AKP'de 2028 seçimleri değerlendirmesi: Halktan kopuğuz, böyle kazanamayız

AKP'de 2028 seçimleri değerlendirmesi: Halktan kopuğuz, böyle kazanamayız
AKP kulislerinde son dönemde yaşanan bu iç hesaplaşma, partinin 2028 yolculuğundaki en büyük engellerden biri olarak görülüyor.

AKP kulislerinde son dönemde yaşanan bu iç hesaplaşma, partinin 2028 yolculuğundaki en büyük engellerden biri olarak görülüyor.

Cumhuriyet gazetesinin aktardığı bilgiler, parti içindeki "geleneksel dava ruhu" ile "yeni nesil protokol siyaseti" arasındaki uçurumun derinleştiğini kanıtlıyor.
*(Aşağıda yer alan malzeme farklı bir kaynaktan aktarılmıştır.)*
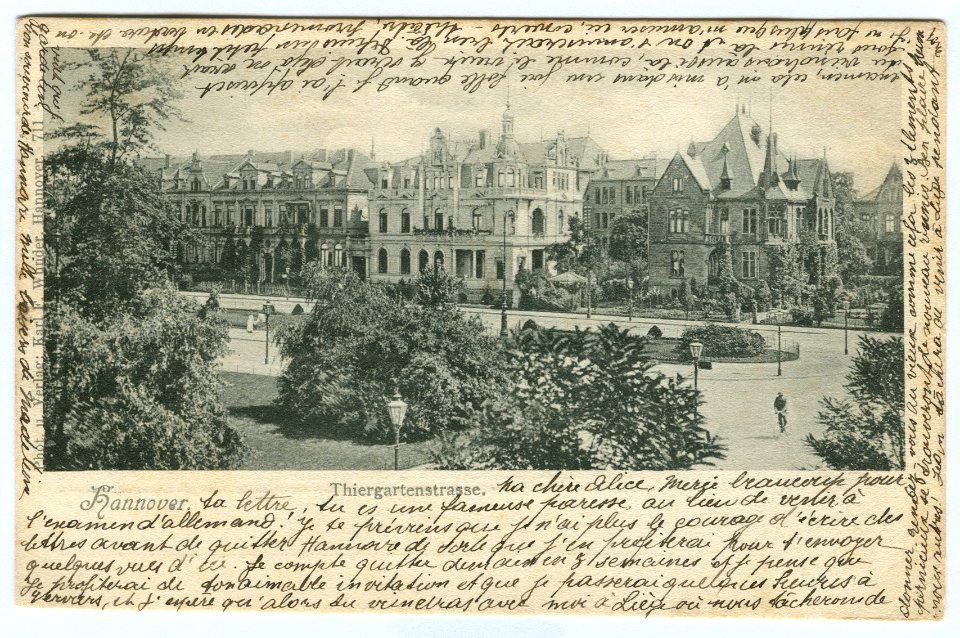 Karl F. Wunder PC 0711 Hannover. Thiergartenstrasse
Parti içindeki bu "çatırdama" ve seçim itiraflarına dair öne çıkan başlıklar şunlardır:

Eski mahalle temsilcileri ve saha gönüllüleri, partinin 2015 sonrasında uğradığı yapısal dönüşümden şikayetçi:

Eskiden ev ev gezen kadroların yerini, sadece belirli program ve törenlerde boy gösteren ekiplerin aldığı belirtiliyor.

Parti kaynakları, sorunun sadece teşkilat başkanları olmadığını, onları çevreleyen ve karar alma süreçlerini dar bir alana sıkıştıran bir "abi düzeni" oluştuğunu vurguluyor.

Gençlik ve kadın kollarının eskisi gibi kapı kapı dolaşmak yerine, sosyal medya odaklı veya sınırlı saha temaslı bir çalışma modeline geçtiği ifade ediliyor.

Partinin kuruluşundan bu yana emek veren isimlerin dışlanması, en büyük huzursuzluk kaynağı olarak öne çıkıyor:

Sahada ter dökenlerin yerine; ekonomik çevrelerle bağlantılı olan, belirli STK’ların referansıyla gelen veya yerel güç odaklarına yakın isimlerin teşkilatlarda yönetici yapılması tepki çekiyor.

Bu "liyakat ve vefa" eksikliğinin, parti tabanı ile genel merkez arasındaki duygusal bağı kopardığı yorumları yapılıyor.

Seçim uyarısı

Kulislerdeki en sarsıcı yorum, ismi saklı bir AKP yetkilisinden geldi:

"Halktan kopuğuz. Bu kadroyla seçim kazanılmaz" diyen yetkili, mevcut yapının toplumsal beklentileri okumakta yetersiz kaldığını savundu.

Eğer teşkilat yapısında köklü bir revizyona gidilmez ve "kurucu değerlere" dönülmezse, 2028 seçimlerinin bir hüsrana dönüşebileceği endişesi dile getiriliyor.

Parti içindeki muhalif seslerin ortak talebi, Cumhurbaşkanı Erdoğan’ın sıkça vurguladığı "dava bilinci" ve "vefa" kavramlarının kağıt üstünde kalmayıp fiiliyata dökülmesi. Yerel dengelerin baskısından kurtulmuş, sokağın nabzını tutan bir yapılanma kurulması gerektiği savunuluyor.